Dale Steyn has retired from Tests with immediate effect, bringing the curtain down on one of the greatest careers in the longest format and finishing as South Africa's highest wicket-taker. The 36-year-old took 439 wickets in 93 Tests, having overtaken Shaun Pollock earlier this year. He will continue to be available for ODI and T20I selection.
"Today I walk away from a format of the game I love so much," Steyn said. "In my opinion Test cricket is the best version of this game. It tests you mentally, physically, emotionally. It's terrible to consider never playing another Test again but what's more terrifying is the thought of never playing again at all. So I will be focusing on ODIs and T20s for the rest of my career to maximise my full potential and ensure my longevity in this sport.
"I'd like to thank everyone in cricket, no one specific, because everyone has been a part of my journey. And I look forward to continuing to play for the Proteas in the shorter formats. Thank you."
One of the leading Test bowlers of all time, Steyn was ranked the No. 1 Test bowler for a record 263 weeks between 2008 and 2014. He won the ICC's Test Cricketer of the Year award in 2008 and was one of Wisden's cricketers of the year in 2013. In the following year, he was named the almanack's Leading Cricketer in the World. He also featured in numerous ESPNcricinfo World Test XIs over the years.
He overcame a potentially career-ending injury after breaking a bone in his right shoulder during South Africa's tour to Australia in late 2016, returning to Tests 14 months later against India early last year and taking just 14 deliveries to pick up his first comeback wicket.
Another injury - this time to his heel - stalled his progress, but Steyn once again fought his way back to full fitness and, in December 2018, returned to Test cricket.
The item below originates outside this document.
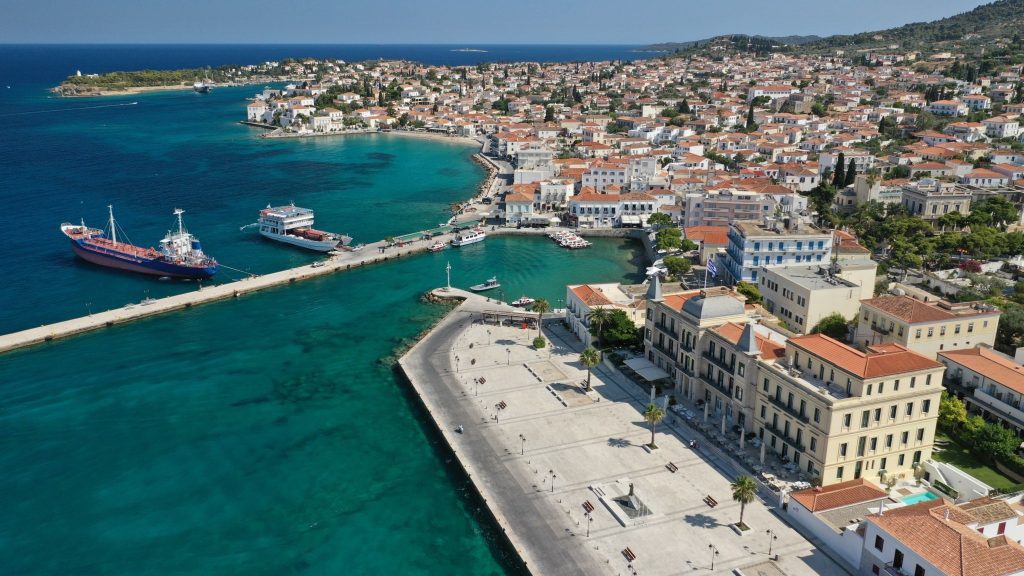 Σπέτσες: Στην κορυφή της λίστας διακοπών για το 2023 του Guardian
In the Boxing Day Test against Pakistan in Centurion, he became South Africa's leading wicket-taker in the format with his 422nd dismissal, breaking Pollock's ten-year-old record. The full extent of his injury problems was encapsulated on the day - the man with the best strike-rate for bowlers with a minimum of 300 wickets had taken 41 months to go from 400 to 422.
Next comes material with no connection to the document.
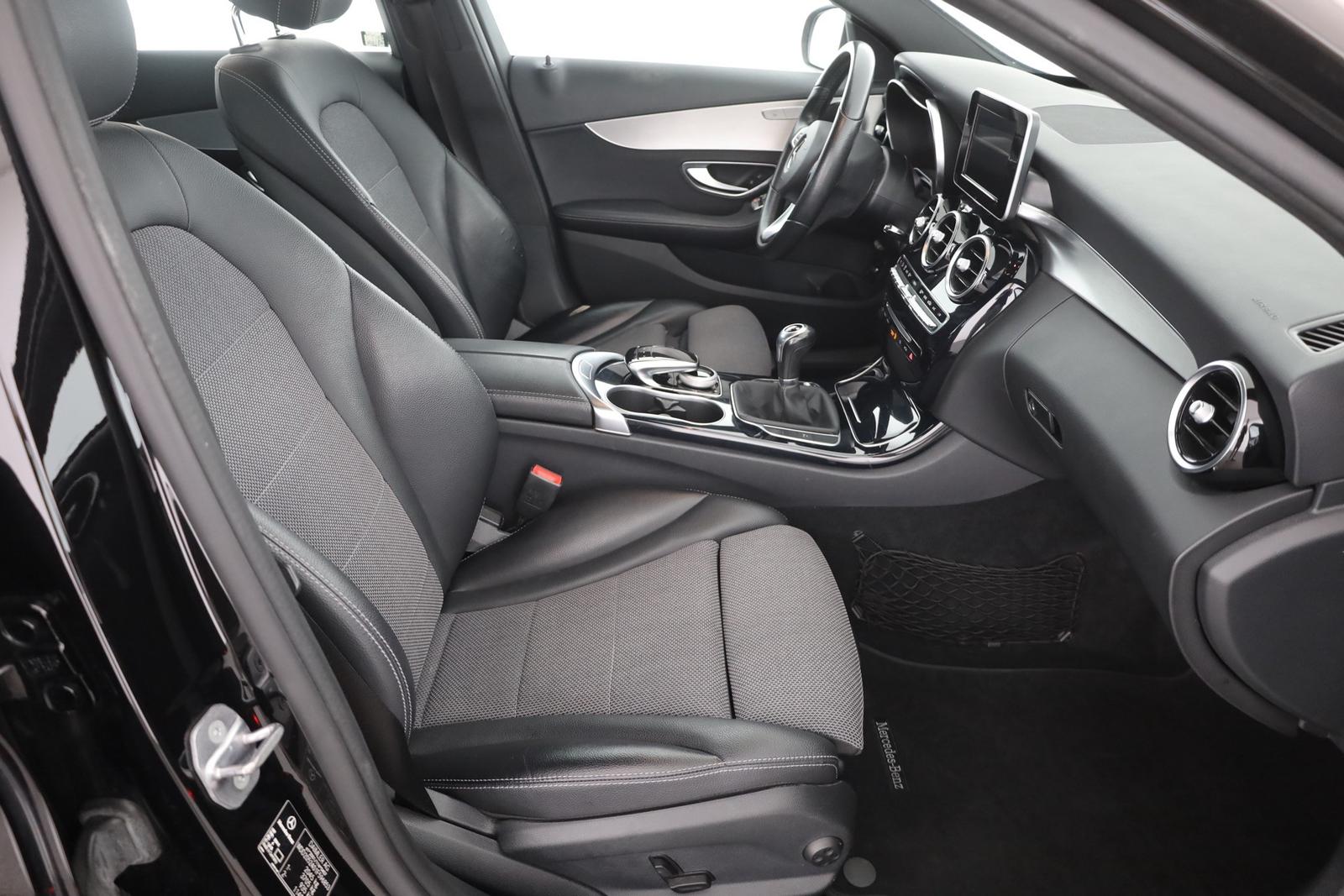 Mercedes-Benz C180 T Avantgarde LED Navi Sitzheizung Tempomat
The record marked another major milestone for Steyn, who also returned to ODI cricket for the first time in two years, against Zimbabwe. He was named in South Africa's squad for the 2019 World Cup, but aggravated an old injury in his right shoulder while turning out for Royal Challengers Bangalore in the IPL before the tournament, and was ultimately ruled out.
Steyn has retained his national contract for the 2019-20 season in limited-overs cricket, however, and remains available for selection in both of the shorter international formats.
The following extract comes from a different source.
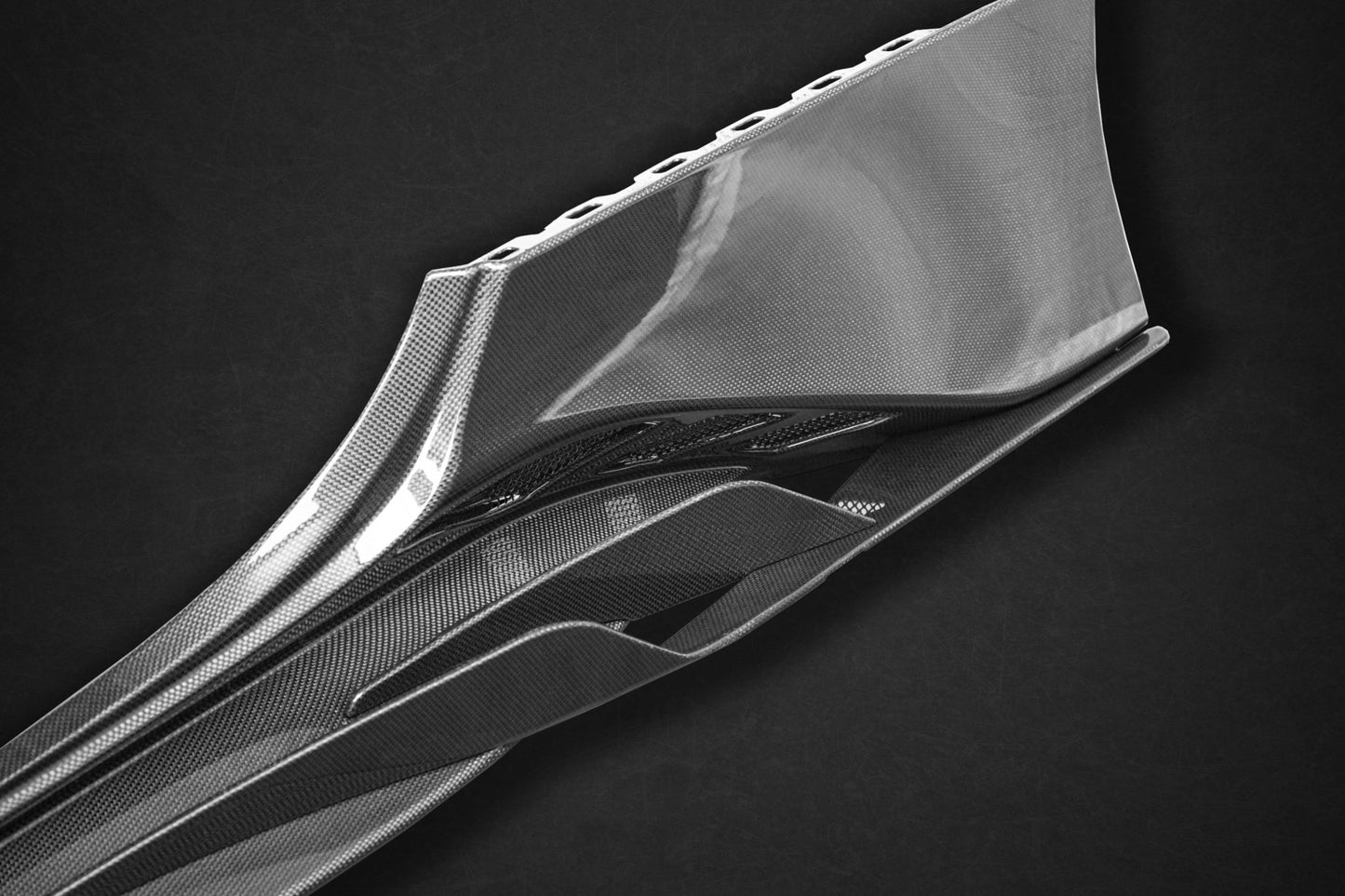 Capristo 03FE08710045LG Ferrari 488/F8 Side Skirts (WITH Wings)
But his absence from the Test arena will put a major dent in South Africa's resources for their upcoming engagements - an away Test series in India in October, before they host England this summer. Without him, South Africa's pace attack will be lead by Vernon Philander and Kagiso Rabada, while there may also be greater opportunities for Lungi Ngidi, and perhaps even a Test debut on the cards for Anrich Nortje.
"Dale is undoubtedly one of the all-time greats of cricket," said Cricket South Africa chief executive Thabang Moroe. "From the time he made his Test debut against England in 2004 and dismissed their captain, Michael Vaughan, with a superb delivery, he has been one of the standout fast bowlers in world cricket. He has led the South African attack brilliantly and has set the standard for our future generations to follow.
"More than that he has been a wonderful mentor to our next generation of speedsters. We were saddened to hear of his decision, but it is one that management has to accept, and we thank him for his significant contribution to the sport and to the nation and wish him everything of the very best for the future."
In the immediate future, Steyn will play in the Euro T20 Slam, where he was recently picked up as a marquee player by the Glasgow Kings franchise.